Ad Widget

**Clansman** · 12-06-2006, 16:00

Should not be hard, but tricky if you want to monitor several arrays.

Anyway, I'd suggest to write a script to do so and generate some predictable output (like 0 - all ok; 1 - at least one array not ok) and then use it on zabbix, instead of polluting the zabbix_agent configuration file with multine 10-piped command with awk scripting between the pipes... :-)

Cheers,

**LEM** · 23-06-2006, 22:14

I personnaly use things like:

Code:

UserParameter=custom.md.md0,/etc/zabbix/bin/custom.md md0
UserParameter=custom.md.md1,/etc/zabbix/bin/custom.md md1

Where /etc/zabbix/bin/custom.md is a script that just:
. system call 'mdadm --display /dev/$1'
. cut/grep/ to return the 'State : ' string.

Hope this'll help.

**cameronsto** · 24-06-2006, 21:37

LEM, any chance you can post the full script you're using. I'm trying to piece one together and am having issues for some reason. If I run my command manually it works, but if I run it via a bash script I get errors.

Thanks,

Cameron

**LEM** · 28-06-2006, 10:39

UserParameter script used for md monitoring (sample)

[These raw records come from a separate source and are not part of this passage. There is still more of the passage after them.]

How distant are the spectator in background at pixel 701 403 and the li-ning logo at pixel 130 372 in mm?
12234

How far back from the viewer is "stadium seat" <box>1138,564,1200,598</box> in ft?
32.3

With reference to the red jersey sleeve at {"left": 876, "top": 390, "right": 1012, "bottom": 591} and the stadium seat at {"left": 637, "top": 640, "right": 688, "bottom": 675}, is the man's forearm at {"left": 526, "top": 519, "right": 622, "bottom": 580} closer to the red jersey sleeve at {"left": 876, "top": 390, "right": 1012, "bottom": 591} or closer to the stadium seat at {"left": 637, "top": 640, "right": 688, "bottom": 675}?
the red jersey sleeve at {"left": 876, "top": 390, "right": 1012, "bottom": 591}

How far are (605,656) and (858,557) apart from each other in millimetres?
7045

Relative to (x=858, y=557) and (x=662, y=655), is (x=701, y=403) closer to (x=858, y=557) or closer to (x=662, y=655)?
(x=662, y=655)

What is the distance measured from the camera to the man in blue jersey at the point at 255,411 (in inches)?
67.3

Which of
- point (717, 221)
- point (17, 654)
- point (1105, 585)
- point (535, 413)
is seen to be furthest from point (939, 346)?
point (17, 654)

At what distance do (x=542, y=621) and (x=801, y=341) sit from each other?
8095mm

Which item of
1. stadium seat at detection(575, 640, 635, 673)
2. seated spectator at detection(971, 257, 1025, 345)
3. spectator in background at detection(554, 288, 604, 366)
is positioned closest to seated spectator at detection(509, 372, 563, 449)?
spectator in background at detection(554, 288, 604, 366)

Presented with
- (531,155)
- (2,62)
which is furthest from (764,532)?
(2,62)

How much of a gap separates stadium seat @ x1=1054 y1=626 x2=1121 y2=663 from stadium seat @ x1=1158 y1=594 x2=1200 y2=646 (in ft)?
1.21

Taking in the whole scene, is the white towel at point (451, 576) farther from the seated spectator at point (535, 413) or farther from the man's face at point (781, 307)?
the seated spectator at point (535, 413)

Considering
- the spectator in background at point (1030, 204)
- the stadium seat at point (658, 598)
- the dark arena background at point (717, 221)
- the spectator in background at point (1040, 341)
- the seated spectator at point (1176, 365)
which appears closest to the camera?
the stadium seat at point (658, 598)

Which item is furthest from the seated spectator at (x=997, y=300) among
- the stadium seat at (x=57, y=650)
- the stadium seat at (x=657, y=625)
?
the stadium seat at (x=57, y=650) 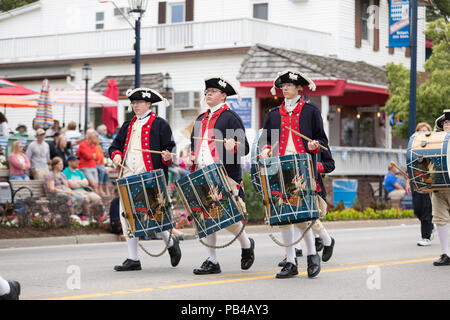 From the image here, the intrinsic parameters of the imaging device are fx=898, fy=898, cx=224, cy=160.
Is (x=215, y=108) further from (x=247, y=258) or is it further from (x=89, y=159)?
(x=89, y=159)

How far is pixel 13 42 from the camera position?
3903 cm

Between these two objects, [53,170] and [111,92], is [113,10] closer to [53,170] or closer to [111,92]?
[111,92]

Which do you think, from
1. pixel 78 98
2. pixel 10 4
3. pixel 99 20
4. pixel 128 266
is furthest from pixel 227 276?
pixel 10 4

Here is what I use in zabbix_agentd.conf:

Code:

UserParameter=custom.raidstate.md0,/etc/zabbix/bin/custom.raidstate md0
UserParameter=custom.raidstate.md1,/etc/zabbix/bin/custom.raidstate md1

And here is the code for /etc/zabbix/bin/custom.raidstate :

Code:

#!/usr/bin/perl
#
#
#sudo /sbin/mdadm --detail /dev/md0|grep -i "State :"|cut -d ":" -f 2
#

use strict;
use warnings;

my $device = $ARGV[0];

my $return = `/usr/bin/sudo /sbin/mdadm --detail /dev/$device  |grep -i \"State :\"|cut -d \":\" -f 2`;

chomp ($return);
$return =~ s/\ //g;

if ( $return eq 'clean' ) {
  print "0";
} else {
  print "1";
}

# - The End

I use Numeric (float) to store this kind of value with no custom multiplier. For triggering, I use something like:

Code:

{MyHost:custom.raidstate.md0.last(0)}>0

To be able to use mdadm --detail as zabbix user, I use sudo with the following statements in sudoers file:

Code:

# Cmnd alias specification
Cmnd_Alias ZABBIXCMD = /sbin/mdadm --detail *
# ZABBIX special privileges
zabbix  ALL=NOPASSWD:   ZABBIXCMD

Hope this'll help you.

Cheers,

**cameronsto** · 28-06-2006, 14:05

That definitely helped. I don't know why I didn't think to use perl, but I was using bash and for whatever reason it wasn't working. I did get an error trying to setup the sudo command. When trying to run it as zabbix I received "permission denied" on /dev/md0. In the meantime I just have a cron job running as root and printing the status out to a file.

Thanks for the tips.

cameron

**Nate Bell** · 28-06-2006, 15:59

If you want an alternative bash script, here's what I use:

Code:

#!/bin/bash
# Usage: raid.sh <disk device name to check>
# Ex:     ./raid.sh md0
disk=$1
temp=$(grep -A1 $disk /proc/mdstat | grep UU | wc -l)
echo $temp

Since mdstat in /proc keeps track of the raid arrays, and prints UU if things are kosher, and either _U or U_ or even __ if things have gone really downhill, then grepping for UU works. Do a word count on the results and you get a 1 or 0 response. My results are the opposite of LEM's since a 1 for me is good, but a 1 for LEM is bad.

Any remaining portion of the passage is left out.